The contiguous continental areas of the United States are served by Viasat, but it offers only modest competition. The latency constraints of geostationary satellites are well known and make, for example, voice calls between two satellite subscribers painful. Subscribers value high-latency services significantly less than wireline options. However, capacity constraints are likely more serious impediments preventing the large-scale adoption of satellite systems. Viasat is currently capacity-limited to about 500,000 subscribers, and beams in many rural areas are currently not accepting additional subscribers. Prices are high and likely targeted towards areas with no wireline competition. For example, a $75 plan offers “up to” 12 Mb/s download speed and 25 GB a month of data. All available consumer behavior data show that satellite services do not convince customers from cable or better DSL options to switch; it is usually the current carrier of last resort where the traditional regulatory COLR is not offering usable DSL service. Thus, satellite serves a vital role of delivering basic internet connectivity to about 0.5% households, those not served by wireline and WISP options, as well as offering maritime and in-flight connectivity, but is hardly a competitive threat to ISPs offering cable or fiber. Planned satellite options, such as the OneWeb LEO constellation, are also likely to be able to serve only a similarly small number of households with streaming video requirements.

Competition is stronger for mobile services with four large national providers, but the 7 to 15 GB or so of tethered data on “unlimited” plans is no replacement for wired services where the median usage is around 100 GB per month. Two of the largest mobile providers, AT&T and Verizon, are also among the largest residential ISPs, with limited incentive to compete within their own company.

In addition, since the 2010 Open Internet rules, service providers have merged at a furious pace. The top 14 providers in the US now have 95% market share, the top six around 80%.

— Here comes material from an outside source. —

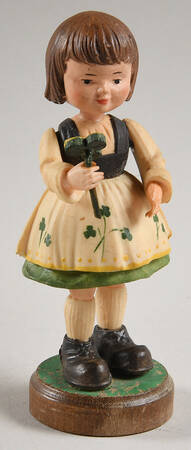 Anri Wood Carved Figurines Girl With Shamrock - Boxed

With unlimited LTE 4G services, households that don’t consume much video may well be able to use only a mobile service with tethering, thus adding competitive options with wireline carriers at the low end. Indeed, even in 2015, 13% of adults had only a smartphone and no home internet.

But, generally, competition for residential US broadband service is modest, particularly compared to other countries that implement some kind of mandatory unbundling.

The presence of competition does not guarantee consumer-friendly outcomes. With four major US airlines, air travel is still miserable, particularly for anybody of above-average height. Despite competition, many smaller airports have lost service. Extrapolated to the network realm, a consumer may well face a situation similar to the current cable TV retransmission disputes, where now parts of the internet fade in and out as conflicts are messily resolved, or not. Switching is largely pointless since one would only trade one unpredictable set of disruptions for another, just like ditching the cable company in favor of Dish or DirecTV does not restore all channels or prevent temporary loss of some TV channels. (The limited windows for movies on streaming video services is also somewhat similar, but users at least have a reasonable option of subscribing to multiple services at the same time— or pirate sites, if so inclined.)

The competition argument is a probabilistic argument and largely addresses only popular content that already has an audience. It is hard for consumers to choose providers based on unseen and unknown future services. Also, the mere presence of competition does not guarantee that a consumer can access any (legal) information — for any number of reasons, given the limited number of providers in a region, they could all decide not to offer access to certain services or content or all charge certain content providers extra, just like almost all airlines charge for checked baggage.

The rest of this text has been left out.